Şirketlerin Dijital Varlıkları Yok Oluyor
Gerek doğal gerekse insan faktörüne dayanan sebeplerden kaynaklanabilecek iş kesintileri şirketleri tehdit altında bırakıyor. Şirketlerin olası felaketler karşısında iş sürekliliğini korumak için önlemler alması gerekirken, çoğu şirketin bu konuda yeterli adımlar atamadığı ve gerekli çözümlere sahip olmadığı görülüyor. Felaketler karşısında şirketlerin veri merkezlerinin doğrudan etkilendiğini dile getiren İlyas Turgut, şirketlerin BT sistemlerini etkileyebilecek her türden felaket karşısında iş kesintilerinin yaşanmaması için tercih edilen veri merkezlerinin de koruma altında ve farklı bölgelerde olmasına dikkat edilmesini öneriyor. Çoğu şirketin kapsamlı bir felaket kurtarma çözümüne sahip olmaması durumunda sistemlerine zarar verecek bir felaketten kolayca kurtulamayabileceğini belirten Turgut, işleri kesintiye uğrayan şirketlerin, felaket sonrasında zarar görmüş sistemlerinden dolayı işlerinin durduğunu ve yaşanacak veri kayıpları ile dijital varlıklarının yok olabileceğini dile getiriyor.

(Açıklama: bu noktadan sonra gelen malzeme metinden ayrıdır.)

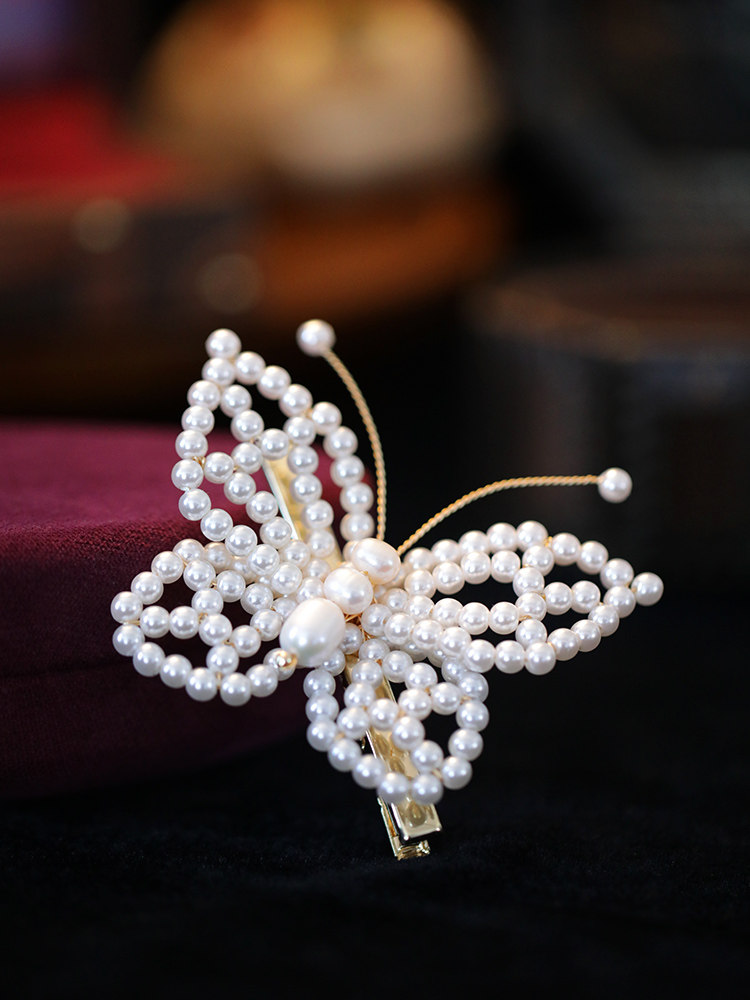 蝴蝶发夹女后脑勺2022新款高端短发夹子两侧边夹发饰气质珍珠发卡,饰品/流行首饰/时尚饰品新,发饰,淘宝优惠券,粉丝福利购,淘宝优惠卷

Çözüm Farklı Coğrafi Bölgelerde Bulut Yedekleme Hizmeti
Şirketleri iflasa kadar sürükleyebilen felaket süreçlerinde dijital varlıklarından olmak istemeyen şirketlerin verilerini bulut ortamlarında yedeklemesinin mümkün olan en verimli felaket yönetimine kapı açtığının altını çizen Teletek Genel Müdürü İlyas Turgut, bulut ortamında yedekleme hizmetinin de sadece bu duruma çözüm olamayacağını, şirketlerin bu hizmetten yararlanırken dikkat etmeleri gereken noktalar olduğunu ifade ediyor. Yedeklenen verilerin bulundurulduğu veri merkezlerinin farklı coğrafi bölgelerde olmasının önemini vurgulayan Turgut, Avrupa ve Anadolu olmak üzere İstanbul’da 2 tane, Ankara’da ise 1 tane veri merkezine sahip olduklarını, doğru felaketten kurtarma ve iş sürekliliği politikalarına sahip şirketlerin veri kayıplarını kritik seviyelere ulaşmadan önleyebildiğini ve herhangi bir ek yazılıma veya donanıma ihtiyaç duymadan iş sürekliliğini dakikalar içinde sağlayabileceklerini belirtiyor.